6 Simple Ways to Improve Your Posture When Working at Home

women at her work desk with back pain

More than 5 million Canadians are working from home, and most expect to continue working remotely after the pandemic. The work-from-home movement has its advantages – like freedom and flexibility – but many Canadians are struggling to find a comfortable workspace.

Seeing a chiropractor in Winnipeg can help, but taking steps to improve your posture will address the root cause of the problem.

1. Create a Designated Workspace

Having a designated workstation will make it easier to sit properly while working. Ideally, your workspace should be away from the couch or bed. Sure, it’s comfortable to work in these spaces, but your posture and spine will suffer.

Here are a few tips to make your home workspace more ergonomic:

  • Adjust the height of your screen so that it’s eye-level.
  • If you’re using a laptop, try raising the screen and connecting an external keyboard to keep your elbows at a right angle.
  • Make sure that your feet are flat on the ground and directly underneath your knees.
  • Your legs should form a 90-degree angle, and your hips should be straight.
  • Lift your chest, bring your abs in towards your spine, and roll your shoulders backwards.
  • Your upper body should be stacked: shoulders over the ribs, and ribs over the hips.
  • Keep your elbows at the sides of your waist and bent at a right angle.

Having a designated workspace will not only promote good posture, but it will also help you keep your work and personal life as separate as possible. It eliminates distractions as well, so you can stay focused and on track.

2. Invest in an Ergonomic Chair

Couches and dining chairs aren’t designed for working. While choosing a chair is a personal decision, an ergonomic work chair is worth every penny. The key most important thing is to make sure that your spine is properly aligned.

An ergonomic chair doesn’t necessarily have to be an adjustable office chair, but having that adjustability can certainly help.

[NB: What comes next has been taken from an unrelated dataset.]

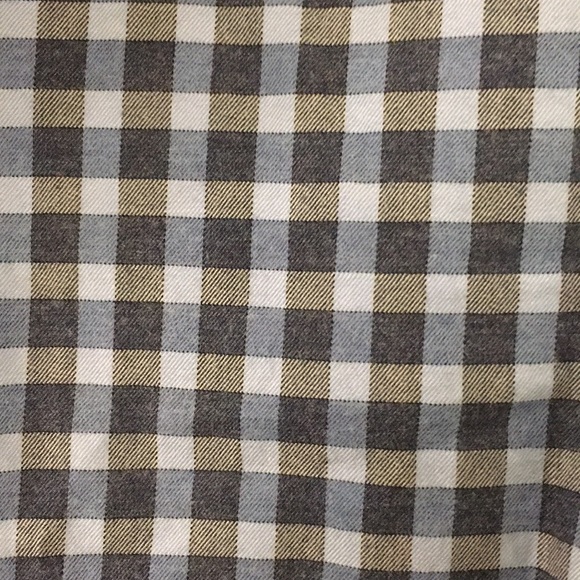 Button down - Picture 3 of 4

Most modern chairs will allow you to adjust:

  • The height of the seat to ensure your feet sit flat on the floor.
  • The position of the backrest to ensure that your knees are at a 90-degree angle.
  • The height of the armrest to keep your elbows at a right angle.
  • Lumbar support to encourage a straight spine.

Being able to customize your chair’s fit can make a world of difference for your posture. The right chair will also keep you comfortable as you work.

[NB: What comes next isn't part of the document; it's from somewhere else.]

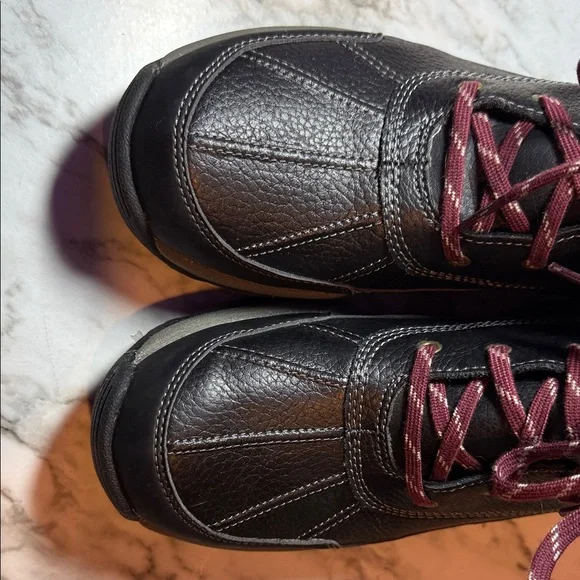 Clarks Black with Cream Faux Fur Winter Style Boots with NWOT SZ 9 - Picture 4 of 13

3. Take Breaks to Get Up and Move

Our bodies aren’t meant to sit for 8-10 hours or more a day. We’re designed to move, so make sure that you take breaks to get up and move throughout the day.

If you’re having trouble remembering to get up, try setting an alarm every hour to remind yourself that it’s time to move.

4. Move Your Head and Neck, Too

As a chiropractor, I see a lot of patients with neck pain in Winnipeg. Poor posture and tech neck are major contributors to the problem, but many people also forget to move their necks while they’re working.

Just before you get up from your desk, take a minute or two to change the position of your head. Look up, down, left, right, and then do a few neck circles to stretch your neck muscles.

5. Use a Sit-Stand Desk

Sitting or standing for long periods of time is hard on the body. As with most things in life, balance is the key to avoiding pain and maintaining a healthy spine.

A sit-stand desk can help you find that balance. Periodically throughout the day, you can switch from standing and working to sitting comfortably and working. You can also find desk converters that offer the same function but at a more affordable price.

6. Use Props to Improve Your Posture

If you’re working from home, you don’t necessarily have to invest in brand-new furniture for your office. You can use props from around the house to ensure that your body is properly aligned while working.

  • Ottomans, books, and boxes can serve as footrests if your chair is too high. This will help you keep your knees straight and stacked over your ankles.
  • If you must use a couch or bed to work, prop yourself up with pillows to support your back. If you’re lying in bed, place pillows under your legs and arms as well.
Proper posture is important for spine health and to prevent pain. Working from home can make it difficult to maintain a healthy posture, but these tips can help.